Croquettes

Mrs. I. N. Isham.

Take cold fowl or fresh meat of any kind, with slices of ham, fat and lean; chop all together very fine ; add half as much grated bread, and season with salt, pepper and nutmeg; one tablespoon of catsup, one teaspoon of made mustard and one lump of butter; mix well together, make up in little rolls or balls, dip in beaten yolks of eggs, cover with grated bread crumbs, and fry brown in lard.

Chicken Pates

Mince chicken that has been previously roasted or boiled, and season well; stir into this a sauce made of half a pint of milk, into which while boiling a teaspoonful of corn starch has been added to thicken; season with butter, about a tablespoonful, and salt and pepper to taste. Have ready small pate pans lined with a good puff paste. Bake the crust in a brisk oven; then fill the pans and set in the oven a few minutes to brown very slightly.

Force Meat Balls

Mrs. James S. Gibbs.

Mix with one pound of chopped veal or other meat; one egg; a little butter or raw pork chopped fine; one cup or less of bread crumbs; the whole well moistened with warm water, or what is better, the water from stewed meat; season with salt and red pepper; do up in small balls, and fry them brown.

Pilan

Mrs.

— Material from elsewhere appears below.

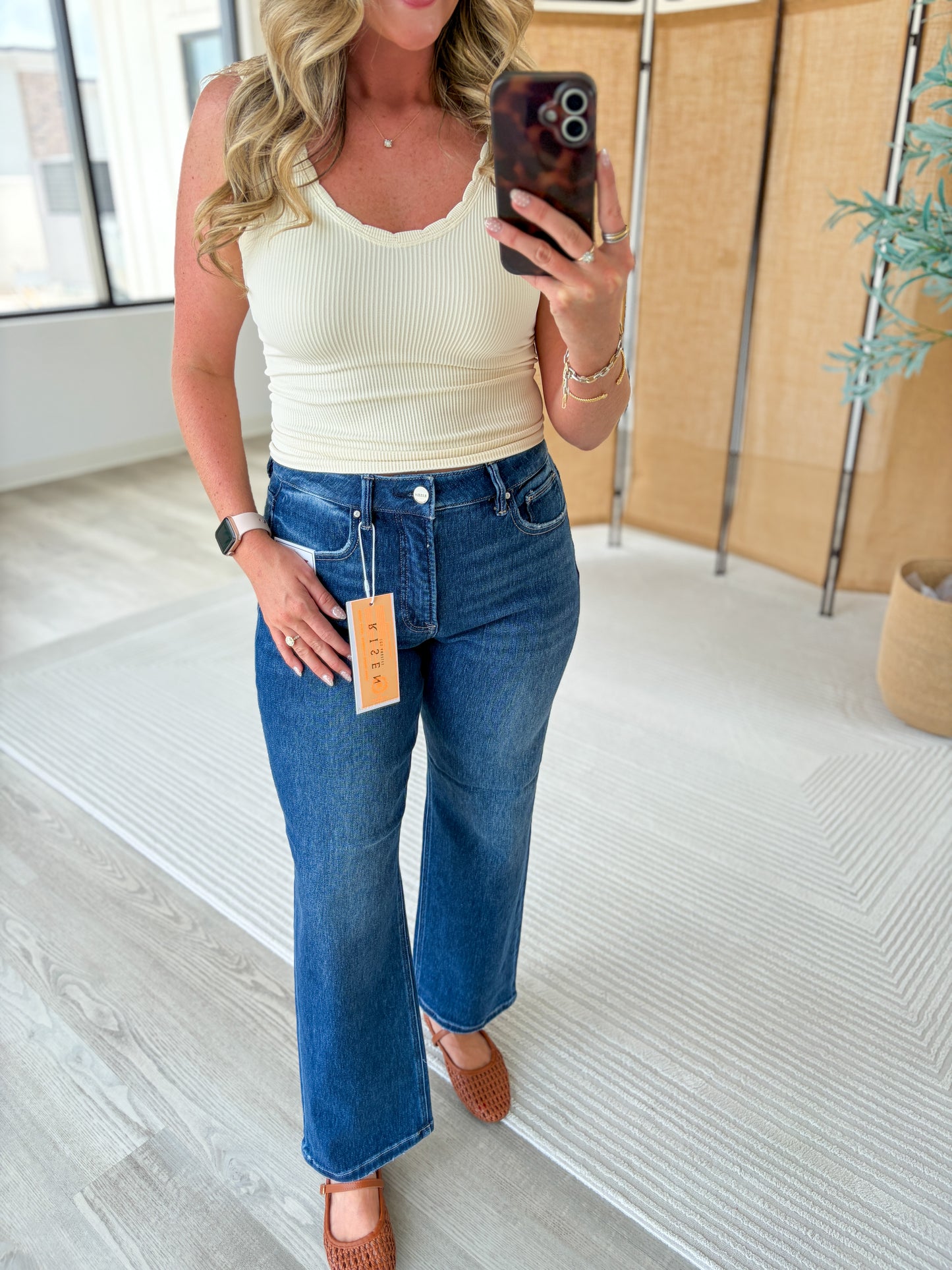 Risen Tummy Control High Rise Ankle Straight Jeans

J. S. Gibbs.

Place a full grown chicken and about one pound of pickled pork with a pod of red pepper and bunch of thyme, in a pot with water enough to cover. When perfectly tender, put the chicken and pork in a steamer which fits the pot; wash your rice carefully, and boil it seventeen minutes in the water from which the meat was taken; make a large gravy tureen full of drawn butter sauce, to which you add two hard boiled eggs sliced, and capers or chopped pickle; use about a pint of the water in which the meat has been boiled for the sauce, and if the food is very fat, skim the grease off the top and use instead of butter for the sauce. When you serve, place the rice on a large flat dish, and the chicken on top.